The Mechanix project saw seven youngsters, aged either 15 or 16, spend 10 weeks last year working to restore an old Mercedes SLK230 Kompressor to MOT standard.
During the twice-weekly sessions the youngsters were taught skills such as changing a wheel, replacing spark plugs and bleeding the braking system, as well as giving the car a cosmetic makeover.
After successfully completing the course, the students were given an award from the Institute of the Motor Industry.
They were also invited to the National Motor Museum at Beaulieu (24/01/2020), where they were each presented with a certificate of achievement by Lord Montagu.
The Mechanix project was designed by the Haynes Group and run locally by Dibden Parish Church with support from Dibden Purlieu garage Shawfix Autos, and a team of dedicated volunteers.
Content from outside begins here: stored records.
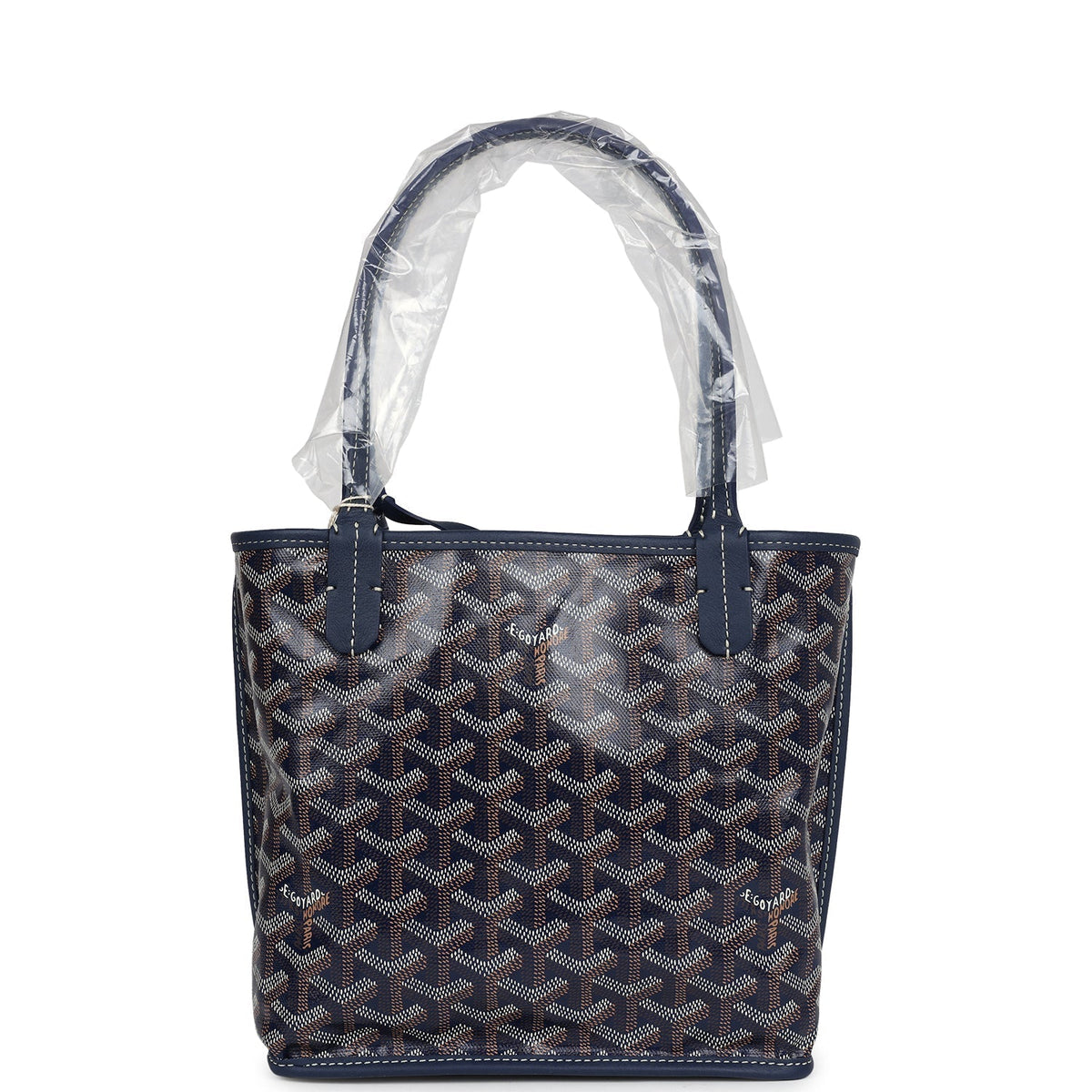 Goyard Goyardine Anjou Navy Blue Mini Bag Palladium Hardware – Accessorio premium elegante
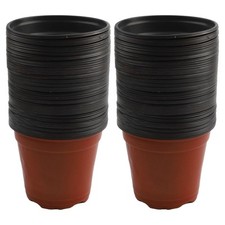Lot de 100 pots de fleurs en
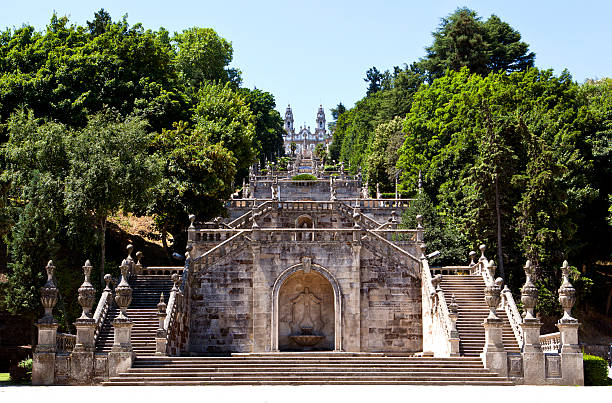 Lady of Remedies in Lamego stock photo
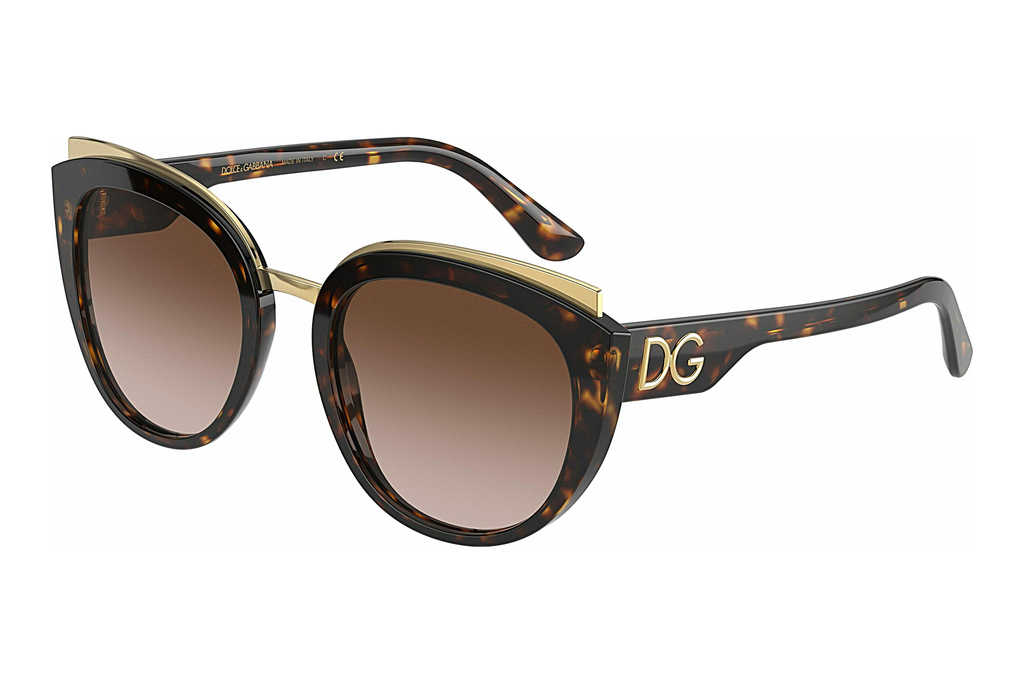 Dolce & Gabbana   DG4383 502/13 Brown Gradient Dark BrownHavana
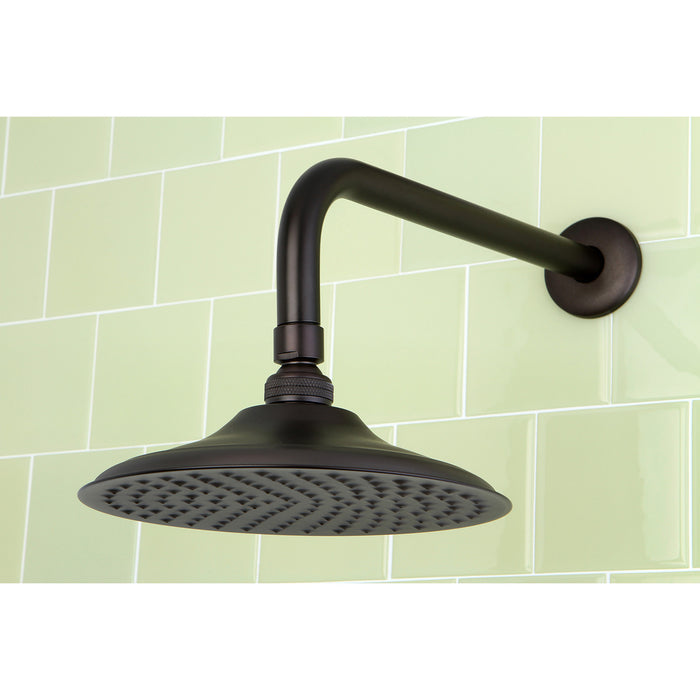 Kingston Heirloom K135A5CK - Victorian 5-1/4-Inch Round Raindrop Brass Shower Head with 12-Inch Shower Arm, Oil Rubbed Bronze
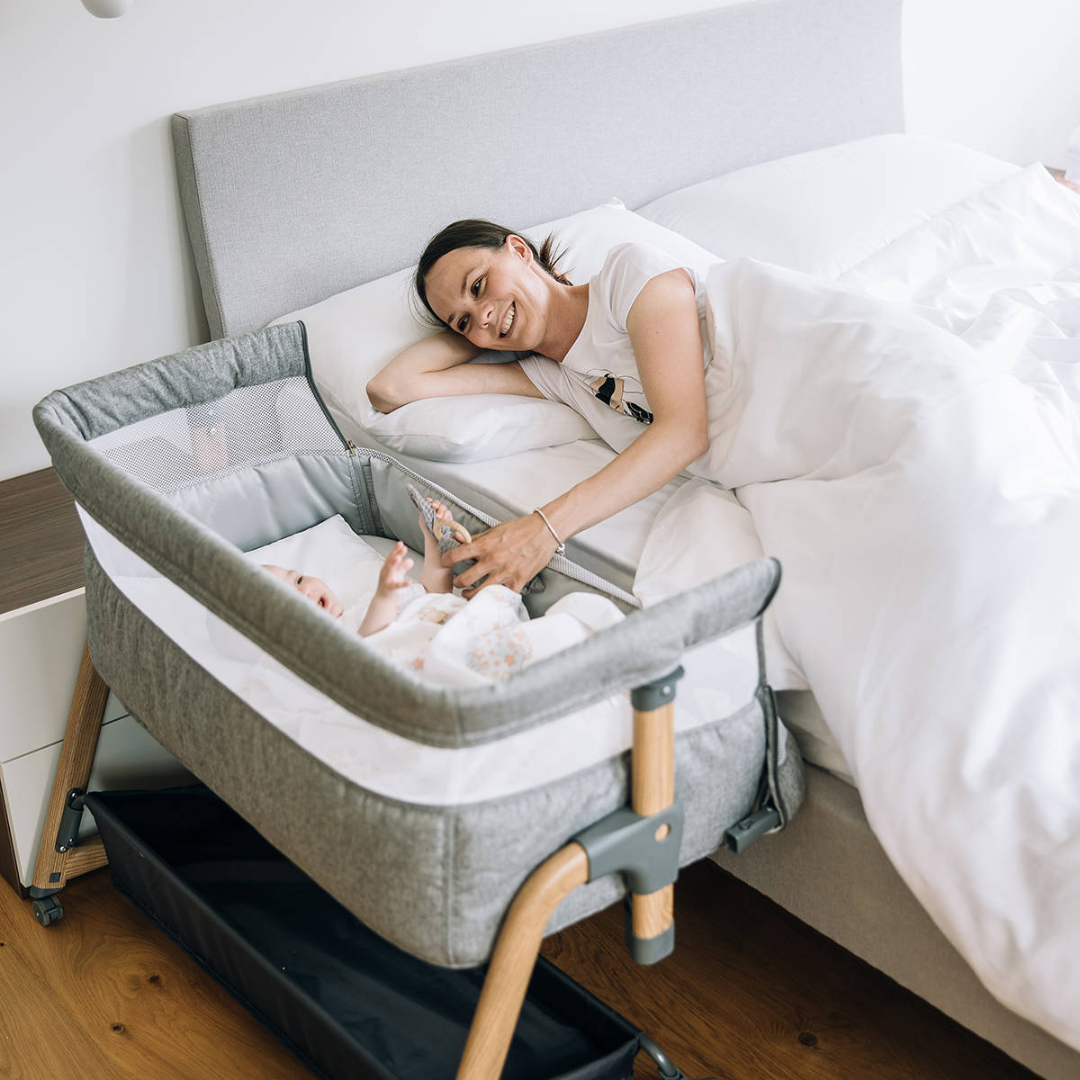 FreeON® Obposteljna posteljica Bliss s predalom grey FreeON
For the third year in a row, ExxonMobil Fawley made a £2,000 contribution towards the project, in addition to supplying the budding mechanics with overalls and safety boots.
As well as taking part in plenty of hands-on learning at Shawfix Autos, the students also spent 50 per cent of their time working on personal development at St Andrew’s Church, Dibden Purlieu.
Serena Carthy, Children and Families worker at St Andrew’s, said: “This project helps young people to take initiative and responsibility for their learning and career development in a fun and inclusive environment.
St Andrew’s is very grateful to all the organisations and volunteers who made the Mechanix course possible once again.
We must also thank the young people themselves who took part in this year’s project, they made it so rewarding for everyone involved.”
Angharad Vaughan, Community Affairs Adviser at Fawley, said: “We know from the success of the first Mechanix course in 2017 that this style of hands-on learning is a great way to help young people take their first steps towards a possible career in the motor industry.
The practical and social skills they have learnt will prove invaluable and we wish them every success in the future.”